Alejandro Bekes, clasicismo y exceso


Virgen de proa
Alejandro Bekes
Pre-Textos. Valencia, 2015.

En poesía la obra literaria es el poema, no el libro de poemas. Los grandes poetas españoles de la época clásica –de Garcilaso o Fray Luis a Góngora o Quevedo– no reunieron sus poemas en volumen; esa labor quedó en mano de otros. Pero los libros de poesía contemporánea no son, o no pretenden ser en la mayoría de los casos, una mera recopilación, sino algo más que la suma de sus partes. Cántico, de Jorge Guillén, ejemplifica a la perfección lo que queremos decir. Incluir o no un poema en una recopilación, colocarlo en un lugar o en otro, es también un trabajo estético, que suele hacerlo el propio poeta en funciones de editor y crítico de sí mismo, pero que puede hacerlo una persona distinta (pensemos en las antologías) y que puede hacerse bien o mal.
            En Virgen de proa, el poeta Alejandro Bekes –no solo poeta, también espléndido traductor y estudioso de la literatura– nos parece que no ha hecho del todo bien. Si menos es más, según el famoso dicho que está en la base de la estética minimalista, más resulta a menudo menos: cuatro poemas de estética y contenido muy similares valen menos que uno; no suman, restan.

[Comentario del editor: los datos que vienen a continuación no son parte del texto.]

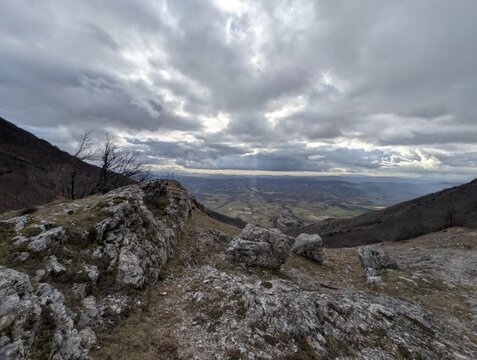 Panorama mozzafiato su una valle montana dall&rsquo;alto di un crinale, con alberi spogli e pendii rocciosi sotto un cielo nuvoloso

            Si los cerca de doscientos poemas (algunos agrupados en series) que integran Virgen de proa se hubieran reducido a cuarenta o cincuenta, resultaría más fácil para todos los lectores darse cuenta de que nos encontramos ante uno de los grandes nombres de la poesía contemporánea en lengua española  Un poeta a contracorriente, especialmente a contracorriente de la poesía de su país, Argentina, que ha orillado la tradición clásica, la que representaron poetas como Francisco Luis Bernárdez, tildada de arcaizante y pastichista, para inclinarse por el coloquialismo, la denuncia y las sucesivas vanguardias.

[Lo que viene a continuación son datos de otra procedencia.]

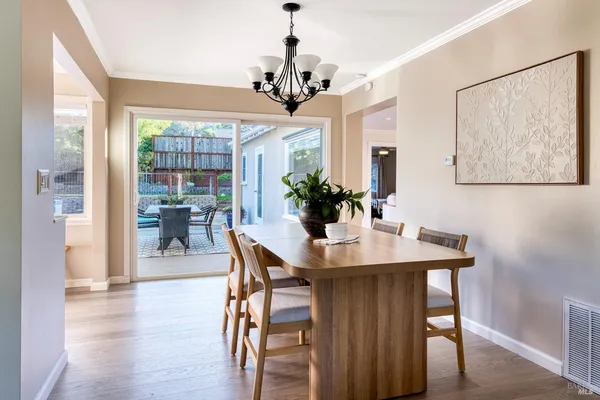 a view of a dining room with furniture wooden floor and chandelier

            Alejandro Bekes, que tiene la facilidad verbal de Lugones, que admira a Jorge Luis Borges, cultiva la métrica tradicional con el virtuosismo de cualquier poeta del siglo de Oro. Varios de sus sonetos –abundan en el libro los sonetos y esa no deja de ser una de sus limitaciones– resultan modélicos, como el que comienza “Morir con todo el cuerpo y ser apenas”, que no podrá faltar a partir de ahora en ninguna antología de poesía amorosa, pero buena parte de ellos no pasan de ejercicios retóricos, espléndidos ejercicios a menudo (pensemos en la reiteración anafórica de “Como el fuego que duerme o se despierta” y el cierre del verso final), pero ejercicios al fin y al cabo que van trocando en tedio la inicial admiración del lector.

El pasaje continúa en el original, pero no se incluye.